Metropolitan Planning Council
MPC staff at our 2015 summer retreat. We're at the Ping Tom Park Boathouse in Chinatown.
2015 was a busy but satisfying year here at the Metropolitan Planning Council. We launched new initiatives and found good homes for others we'd incubated over many years. We held a record number of events with a record number of attendees, and an annual luncheon that raised more money than any in our history.
Through it all, unsurprisingly, we learned some important lessons. And, being planners, we all have even bigger plans for this year. Here, a few MPCers weigh in on what they learned in 2015, and what they look forward to in 2016.
MarySue Barrett, MPC president
My New Year’s resolution is for MPC to do everything it can to get Chicagoland back on a healthy, balanced growth trajectory. Our “Grow Chicago” agenda starts with educating all of us about how we stack up. It’s not pretty: Minneapolis is a third of our size but growing five times as fast; Nashville grew as much yesterday as Chicago did in a whole year; and Houston is nipping at our heels for the #3 slot of largest American cities.
Being an optimist, I believe this compelling data is not meant to depress but to inspire all of us. Metropolitan Chicago has all the ingredients to be at the head of the pack on equitable growth. Those ingredients include committed leaders who work cross-sector, a transit network with available land nearby, a tech and entrepreneurial sector adding innovation to our economy and much more. My hope is that 2016 is the year we put the ingredients together in a recipe for growth that benefits all.
Mandy Burrell, MPC communications director
In 2015, MPC worked hard to combine original research with top-quality content to examine metropolitan Chicago’s slow population growth. Why our region is not growing as much as our peers—and how uneven our growth has been, in terms of what communities in our region are experiencing it and which are not—has been capturing people’s attention. We plan to delve more deeply into this unsolved issue in 2016.
Whether they’re leading up work to solve urban flooding, improve regional public transportation, re-imagine Chicago’s rivers or balance our region’s housing options, everyone at MPC is contributing to making our region the kind of place that businesses want to locate and people of all walks of life want to call home. I look forward to working with every one of my colleagues in 2016 to tell this story.
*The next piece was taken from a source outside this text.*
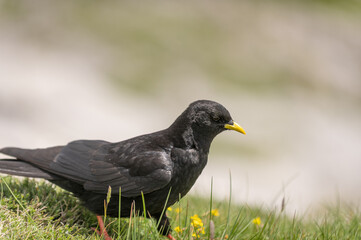 An Alpine chough ,Pyrrhocorax graculus or chova piquigualda, a black bird of the crow family, in the mountains of fuente de, cantabria, north of spain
Sarah Cardona, MPC associate
In 2016, as I enter my first full calendar year at MPC, my resolution is to blog more! I have always loved to write, and I want to utilize blogging as a vehicle through which I can explore my thinking around complex issues like preparing for climate change and better managing our natural resources. These topics are at the heart of MPC’s work and my own interests in sustainable growth in our Chicagoland communities.
Josh Ellis, MPC director
My resolution in 2016 is a little work, a little play. Through Great Rivers Chicago we’ve been examining the feasibility of continuous riverfront trails throughout Chicago, which would be an investment equally good for access to jobs, providing recreational opportunities, improving public health and connecting communities. We know that because of the impact of many of the region’s other waterfront trails—the Lakefront Trail, Des Plaines River Trail, Fox River Trail, CalSag Trail and Centennial Trail to name a few. My resolution? Go run, ride or walk em all!
Chrissy Mancini Nichols, MPC director of research
I found a stat last year that showed Chicago wasn’t growing as much as our peer cities and regions—I’m looking at you, Houston, Minneapolis and Nashville—so I set out to figure out why. This region should be top of the charts because it’s the place that could grow the most sustainably in the U.S.—access to fresh water, little threat of natural disasters, a transit system for commuters.
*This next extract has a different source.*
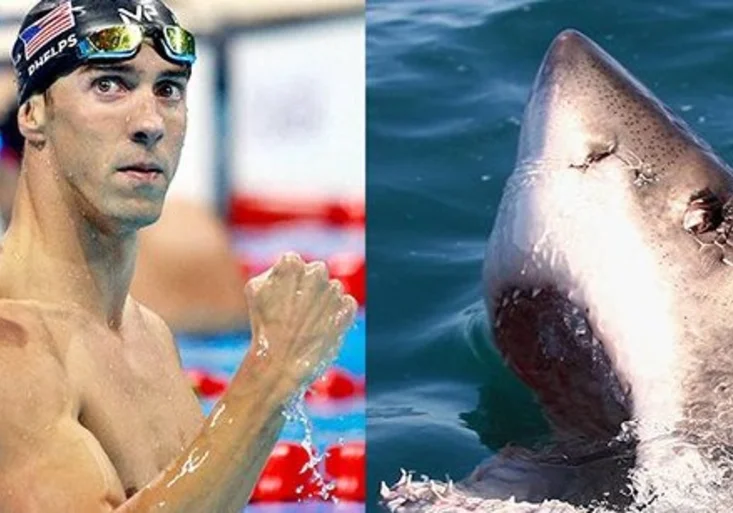 Fenomenální plavec Phelps bude závodit se žralokem! Jak to bude vypadat?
Now, though, it turns out I’m one of the people headed for another city—New York. Through my research I’ve learned that the reasons Chicagoland isn’t growing are complicated, but there are solutions. Even as I’m about to start my next chapter, I look forward to continuing to dive into the data on growing the City That Works—and a region that will always have my heart.
Ariel Ranieri, MPC communications associate
As a non-planner on the MPC team, I feel like I learn something every day about the way our city, region or state functions (or doesn't function, as the case may be). My biggest learning curve this year has been all of the digging we've done for our Great Rivers Chicago project: Who's in charge of Chicago's rivers, for instance, is a way more complicated question than you might imagine.
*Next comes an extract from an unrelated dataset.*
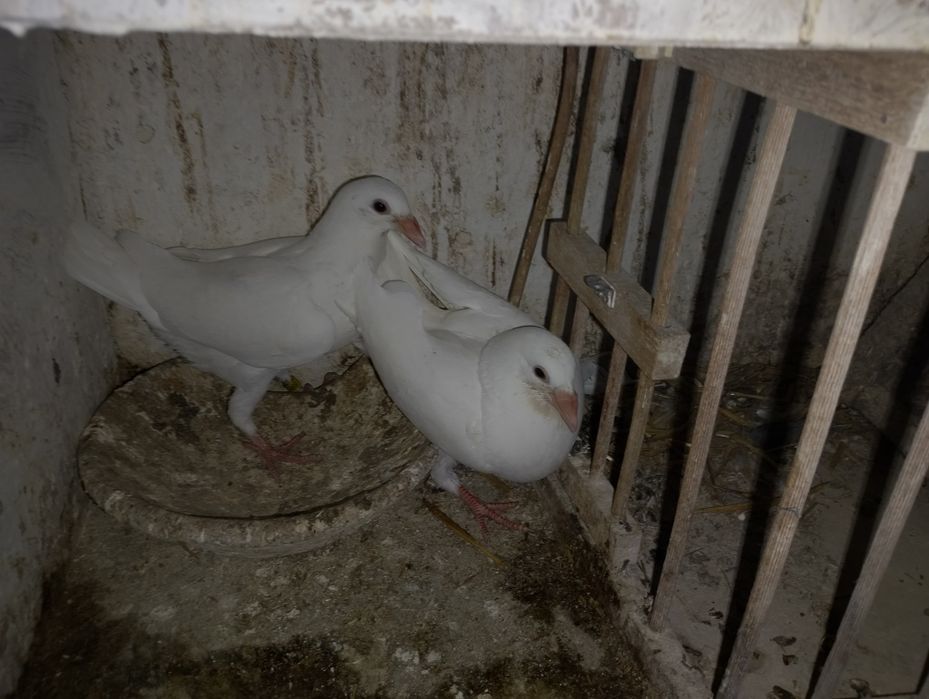 Gołębie pocztowe młode białe czarne czerwone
One of my favorite aspects of my job is helping staff explain to non-planners like me how the work that we do here affects their lives. As a matter of fact, even explaining what we do can be difficult. In 2016, I'm looking forward to helping MPCers craft an ever more compelling portrait of MPC and the work we do.
Madeline Shepherd, MPC associate
In 2016 I want to commit to getting around differently. I live in a neighborhood with lots of amenities and excellent transit access, which I take full advantage of. But too often I hail a cab when I could take the bus, or take the train when I could ride my bicycle (especially to the office). With just a few more trips each week by bike, I could hit many traditional resolutions with one stone: exercise more, improve my mood, lower my stress levels and take in more of my neighborhoods and other great places in Chicago. It may be zero degrees out right now, but come Spring, that bike will be waiting for me!